There it was, in 'black and white' a story about how 15,000 aviators in the USA, are making their voice heard in their quest for allowing a class of recreation pilots to fly using the requirements of their Driver's Licence.

Now, of course I realise that CASA is also adopting this new approach for some recreational pilots, but the following para. caught my attention.....

"For decades the FAA (USA) has attempted to ensure we are fit to fly through regulation, but it has done almost nothing about aeromedical education.
We, and 15,000 of you, are now asking the FAA to reverse that situation.

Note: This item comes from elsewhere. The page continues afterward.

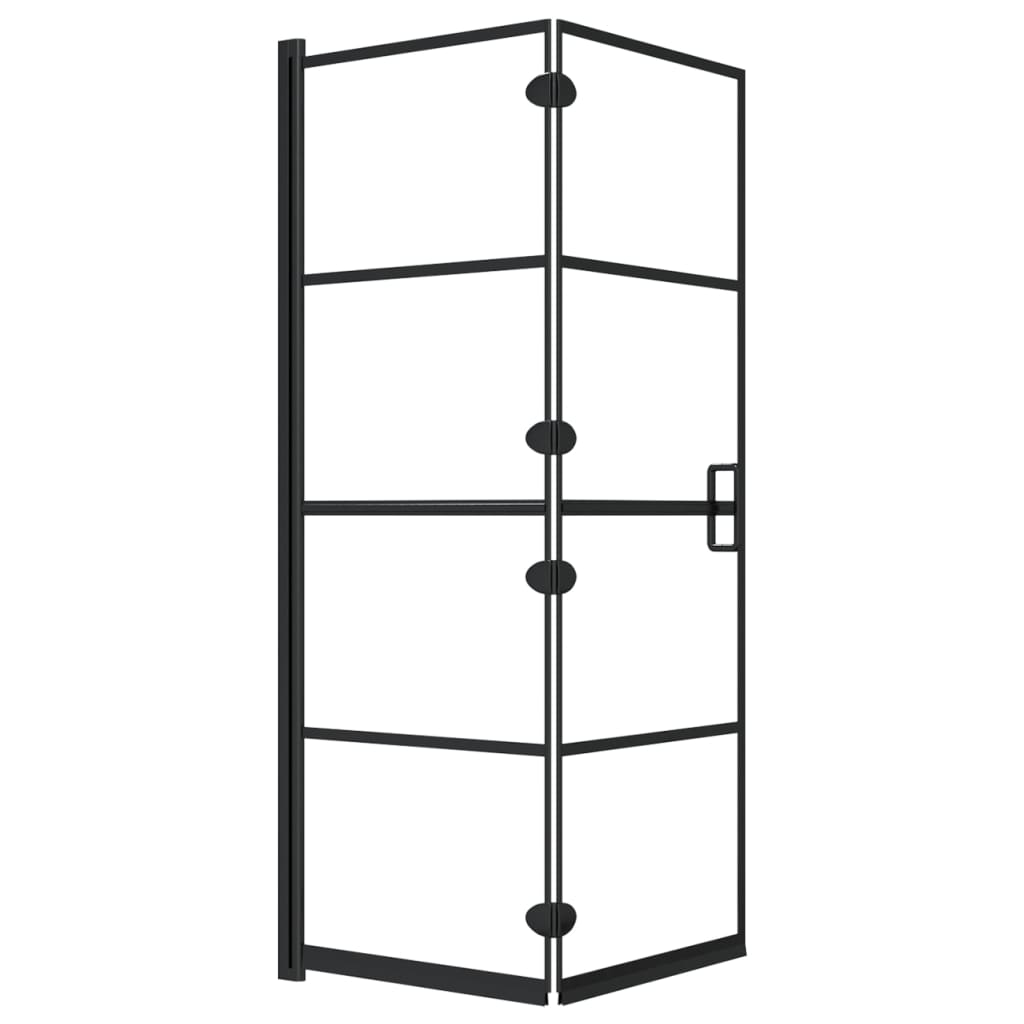 Mampara de ducha plegable ESG negro 100x140 cm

At EAA we know safety comes through education, not regulation."

The article finishes with "Thanks to all of you who became involved.
Educate, don't regulate, lets go aviate."

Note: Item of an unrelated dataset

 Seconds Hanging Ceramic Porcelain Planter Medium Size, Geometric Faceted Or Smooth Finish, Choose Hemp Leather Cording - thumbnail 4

Those words - "Educate, don't Regulate..."

Reminds me of the good old McArthur Job style of reporting air safety items re accidents / incidents. The style was always to 'educate' so that we, the reader, don't make the same mistake.
Now, the 'tone' seems to have changed considerably...

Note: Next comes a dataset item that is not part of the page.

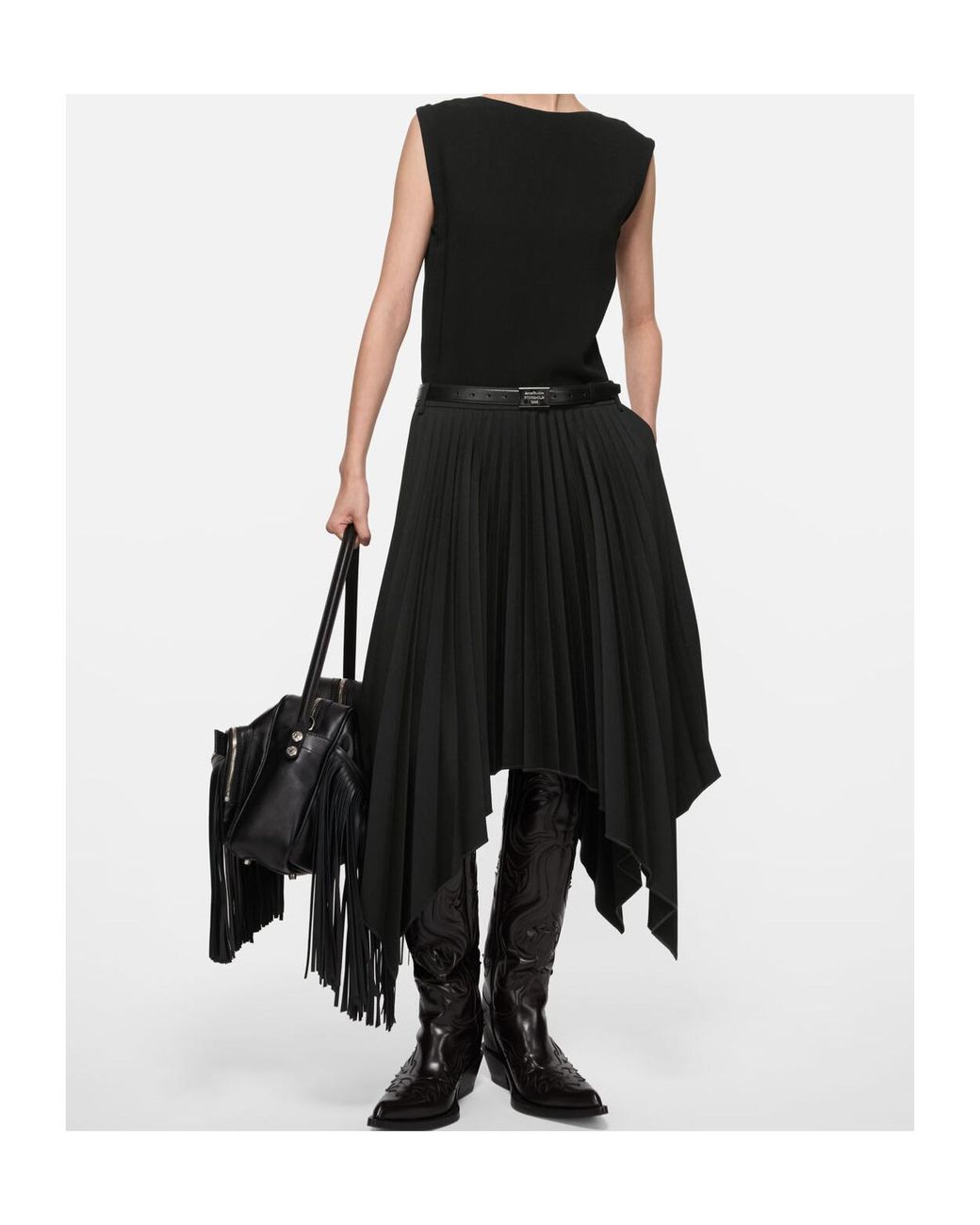 Acne Black Pleated Dress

And, for some of us anyway, in those 'good old days' the various Examiners of Airmen and the like, who would take someone 'aside' at the Bar on a Friday night, with "I wanna see you"....and 'Educate' them, and...be friends to be treated with RESPECT after....

The response / effect was usually immediate and complete.

"I Learned About Flying From That" was a phrase oft repeated....and the subject of many articles in many Flight Magazines.

It is acknowledged that 'Regulation' is also required for Legal Reasons to keep Our Industry in line with the Law.

However, IF I live long enough, under the current 'system' of almost everything being a 'Criminal Offence, xxPenalty Units', it is very likely that I shall die a 'Hardened Criminal' in the pursuit of my favourite pastime.

I wonder which was / is the MORE EFFECTIVE method..??

I have to say, I've 'been educated' a couple of times by 'Learned Gentlemen',
early in my Flying Career, and I can tell you....IT WORKED!!

Food for Thought....:ok:

(I do wonder IF anybody at CASA ever reads these articles, and thinks...'That's a better way of doing things'...)

Happy Landings:ok:

Jabawocky
20th Sep 2012, 10:16
At EAA we know safety comes through education, not regulation."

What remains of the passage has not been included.